Thursday, July 25, 2013

QUICK TAKE REVIEW By Beverly Creasey Nora’s SINGULAR Sensation



Alan Ayckbourn is famous for placing a world of trouble on the shoulders of his hapless characters, then pulling the rug out from under them—mind you, in high comic style. The Nora Theatre’s ABSURD PERSON SINGULAR (playing at the Central Square Theater through August 18th), superbly directed by Daniel Gidron, reminded me of the deftness Harold Lloyd achieved in his comic catastrophes.

We meet three couples, whose kitchens will be both refuge and madhouse on three successive Christmas eves. One kitchen wanderer from the first party declares the living room guests to be “splendidly jolly, booming people” and you immediately know the opposite is true. But you don’t see the disaster first hand. Better yet is the glimpse of what’s going on behind the festivities: panic, mayhem and meltdown.

The cast is pure joy, with David Berger-Jones as the hilariously obtuse host of the first party and Samantha Evans deliciously infuriating as the overwrought, reluctant hostess. The first act does the work of setting up, with Liz Hayes wonderfully off kilter as the wacky, inebriated wife of Bill Mootos’ marvelously unrepentant philanderer. Add the wry Steve Barkhimer as an uninterested banker who’d rather be anywhere else and Stephanie Clayman as his tart tongued wife (her words fairly dripping with sophisticated sarcasm) and you have the sure fire recipe for comic gold.

If only Act II could be played twice, thrice even.
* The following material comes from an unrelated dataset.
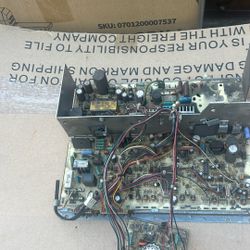 Arcade Monitor Chassis No FLYBACK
I could see it a hundred times, just to watch Liz Hayes fume, despair, roll her eyes up into her head or move her pupils to the side in horror and then, widen them in disbelief. Her tour de force, without speaking a word, is the funniest performance I’ve seen this year. You cannot stop laughing and yet you care about this poor woman, surrounded by morons.

Gidron knows how to gild the lily, so everyone gets into the act. There’s an Edward Scissorhands-Mootos moment, not to mention Barkhimer’s leap to safety on top of the kitchen table…where, of course, he isn’t, which is simply priceless when all hell breaks loose. Act III gives Clayman the splendid chance to run roughshod over her visitors, especially Mootos, squashed like a cushion into an easy chair.

Ayckbourn has written over seventy plays, all of them gems. Maybe Nora could do one a year for the next decade or so. That would make me deliriously happy.